From outer space

On a quiet evening in February 2021, a meteor hurtled through space before smashing into a nondescript driveway in Winchcombe, Gloucestershire. With the remains likely to hold secrets from before the solar system existed, excited scientists scrambled to collect every fragment and dust particle. Meanwhile, another chunk was found to have landed safely in a nearby field.

Most meteorites come from asteroids: rocky objects left over from the formation of the solar system that orbit the Sun. When a piece of an asteroid, a meteoroid, enters the Earth’s atmosphere, it heats up, producing a bright light in the sky called a meteor. Meteoroids that survive the fiery journey to land on Earth’s surface are known as meteorites.

Several types of meteorite are found on Earth. Iron meteorites represent the cores of planets, achondrites the silicate crusts, while chondrites come from the oldest rocks that never melted. The Winchcombe meteorite is a rare type known as a carbonaceous chondrite, the first of its kind to land in the UK. Often described as time capsules from the beginning of the solar system, carbonaceous chondrites are the most pristine meteorites. Containing a mixture of minerals and organic compounds, they can provide unique information on how water and life’s building blocks reached Earth.

‘We can’t easily sample the core and mantle of our own planet and Earth is constantly evolving due to plate tectonics,’ explains Chelsea Sutcliffe, a research associate at the University of Toronto in Canada. ‘Because of the generation of new crust, we can’t use Earth’s rock record to look back further than three billion years ago. Instead, we can use meteorites as the original reference points to understand how planets evolve and what chemical processes shaped the Earth into the differentiated and chemically complicated planet that it is today.’ Analysing tiny calcium–aluminium inclusions in chondrites has allowed scientists to date the solar system to approximately 4.6 billion years, she says.

Soluble salts

Luke Daly, a lecturer in planetary geoscience at the University of Glasgow, was in the search party for the intact Winchcombe meteorite, although his partner Mira Ihasz was lucky enough to be the one to spot it. ‘One reason that this meteorite is so exciting is because we got to it so quickly and so there are minerals – salts – in it that we don’t normally see,’ says Luke. Water soluble substances soon disappear from meteorites exposed to the weather.

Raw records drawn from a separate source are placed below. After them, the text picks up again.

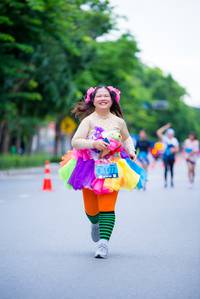 BIB: 1477
                            <button type="button" onclick="openModal(4684832)" class="btn btn-primary btn-sm float-right btn-popup" data-toggle="modal" data-target=".modal-high-quality">
                        <i class="fas fa-shopping-cart"></i> Add to Cart
                    </button>
                                            <button type="button" onclick="isThisMe(4684832, true)" class="btn btn-success btn-sm float-right btn-popup btn-isme hidden" data-toggle="tooltip" data-placement="bottom" title="นี่คือรูปของคุณใช่ไหม คลิกที่นี่เพื่อเอาเข้าอัลบั้ม">
                        <i class="fas fa-plus"></i> Add to album
                    </button>
                    <button type="button" onclick="isThisMe(4684832, false)" class="btn btn-warning btn-sm float-right btn-popup btn-isnotme hidden">
                        <i class="fas fa-ban"></i> Remove from album
                    </button>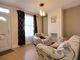 Thumbnail Terraced house to rent in Francis Street, Reading, Berkshire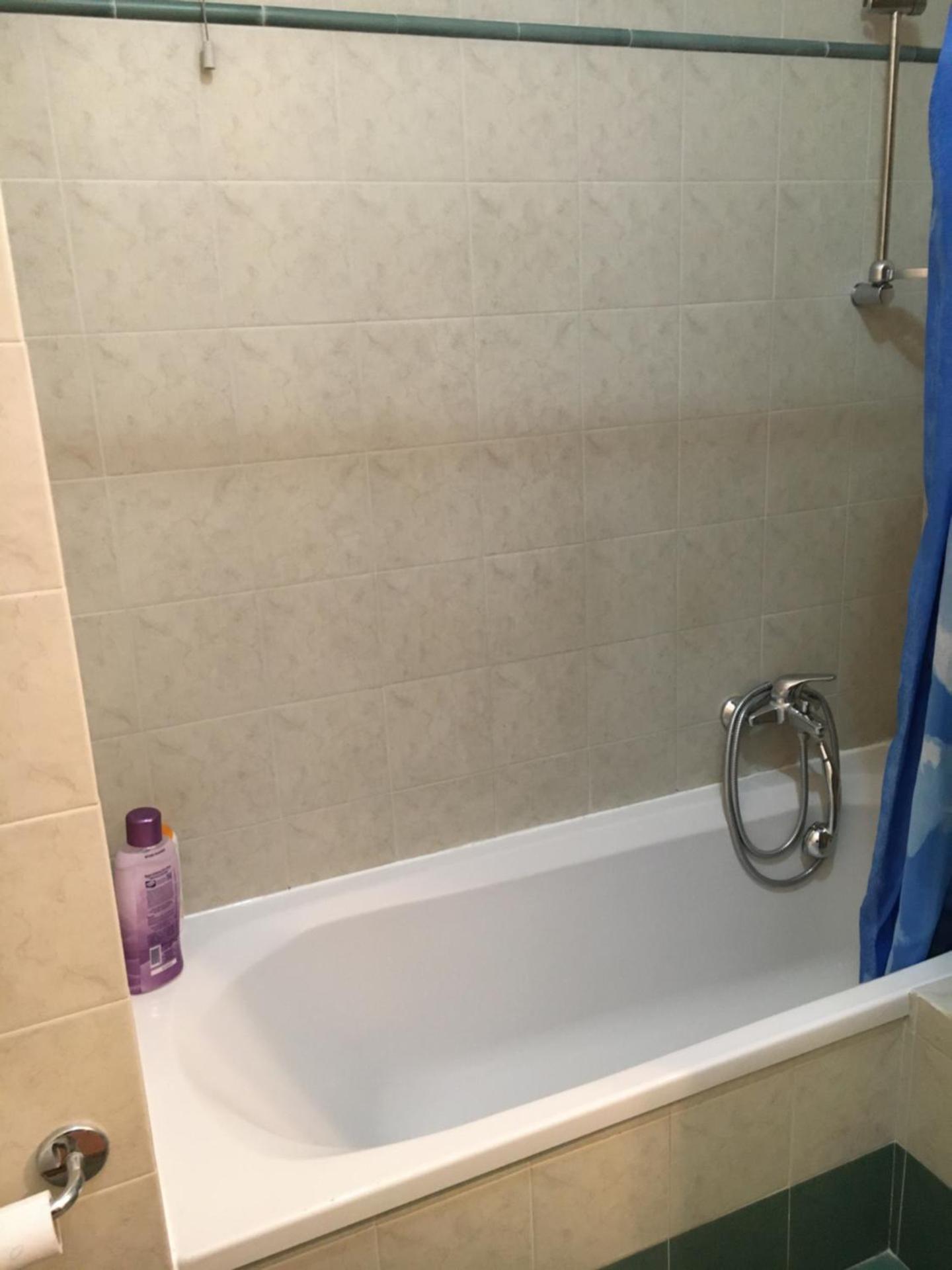 Residence Il Porto 2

There have been very few studies on meteorite salts, but in 2018 a team led by Queenie Chan at Royal Holloway, University of London analysed sodium chloride and potassium chloride crystals in meteorites found in the US and North Africa in 1998.

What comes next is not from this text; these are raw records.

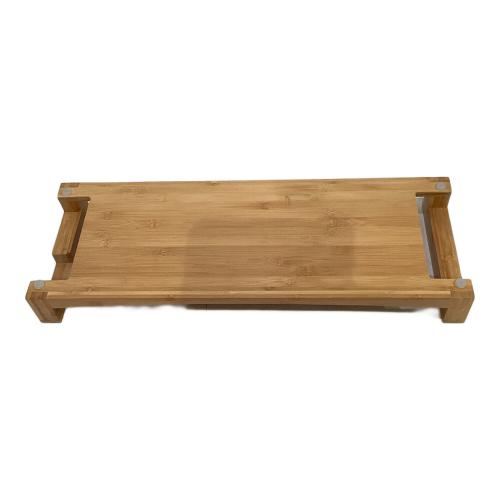 PRINCESS (プリンセス) ホットプレート 2017年製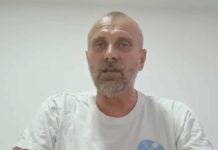 Врховни лицемер лажних еколога , сточни ваксер спреман на компромис о рударењу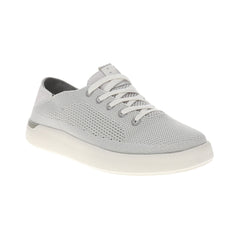 Neptune Lace Up Sneakers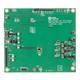 Maxim Integrated-MAX77680EVKIT#-Evaluation Boards - DC/DC & AC/DC (Off-Line) SMPS
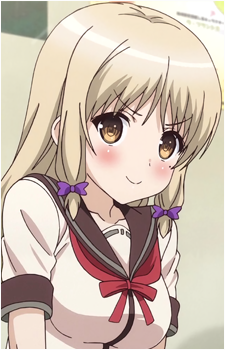 Fumi Kujou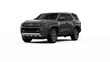 Toyota 4Runner i-FORCE MAX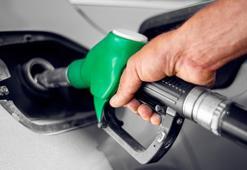 Akaryakıt fiyatları ile ilgili son dakika gelişmesi! İşte benzin ve motorinde güncel durum...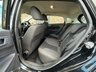 USED 2013 63 FORD FIESTA 1.0 ZETEC 5d 99 BHP 
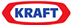 Kraft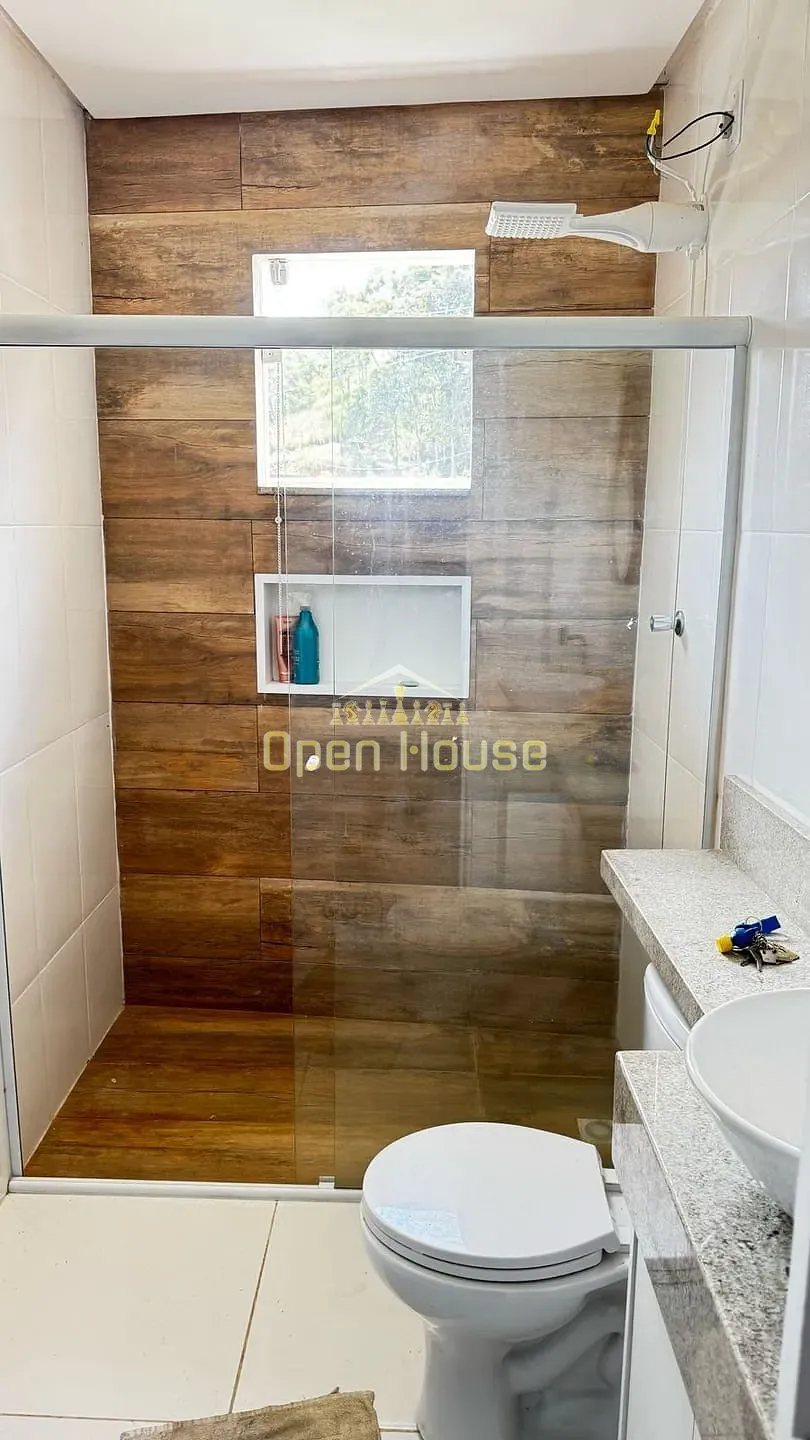 Casa, 2 quartos, 220 m² - Foto 6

The study was the first to analyse organic compounds trapped inside salt crystals, giving a snapshot of the fluid that would have percolated through the asteroids half a billion years ago. It revealed that the crystals hosted an ‘extensive variety’ of organics, suggesting that the original parent asteroid contained a combination of precursor molecules for complex chemical reactions to occur. ‘Hopefully, they will see similar salt crystals in Winchcombe and be able to get another insight into what the fluid composition was like on these asteroids,’ says Luke.

Stardust

Queenie’s team is now part of a Winchcombe consortium study, with London’s Natural History Museum handing out samples. Luke’s team is also taking part and will analyse meteorite ‘presolar grains’ that predate our solar system – otherwise known as stardust – in a bid to find out how the parent asteroid evolved. They plan to use a technique called nanoscale secondary ion mass spectrometry (nanoSIMS) at the Open University to map isotopes such as oxygen.

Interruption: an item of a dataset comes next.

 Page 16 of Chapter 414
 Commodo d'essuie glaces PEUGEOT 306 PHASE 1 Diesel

The team are on the lookout for anomalies suggesting that grains did not form in our ‘relatively isotopically homogenous’ solar system. Pre-solar grains are very isotopically different, Luke explains. ‘You can do a map with a nanoSIMS instrument and see super-bright hotspots of huge enrichment or depletion in oxygen-18 or oxygen-16. It looks nothing like anything in our solar system.’

Preliminary data suggest that the Winchcombe meteorite may contain more than one rock type. ‘It looks like a hotchpotch of different water-rich early asteroid bits,’ says Luke. The thinking is that it may have resulted from a series of different asteroid collisions. ‘By looking at the differences in chemistry, mineralogy and isotopes we can start piecing the puzzle back together.’

‘Planetary science is in a second golden age. The first golden age was when Apollo came back from the Moon and everyone was really excited about new samples,’ says Luke. Analytical techniques such as mass spectrometry are ‘so good now’. Not only are new tools coming online that people hadn’t thought of applying to rocks before, but space missions are also getting more ambitious. ‘It’s a really exciting time in be in planetary science.’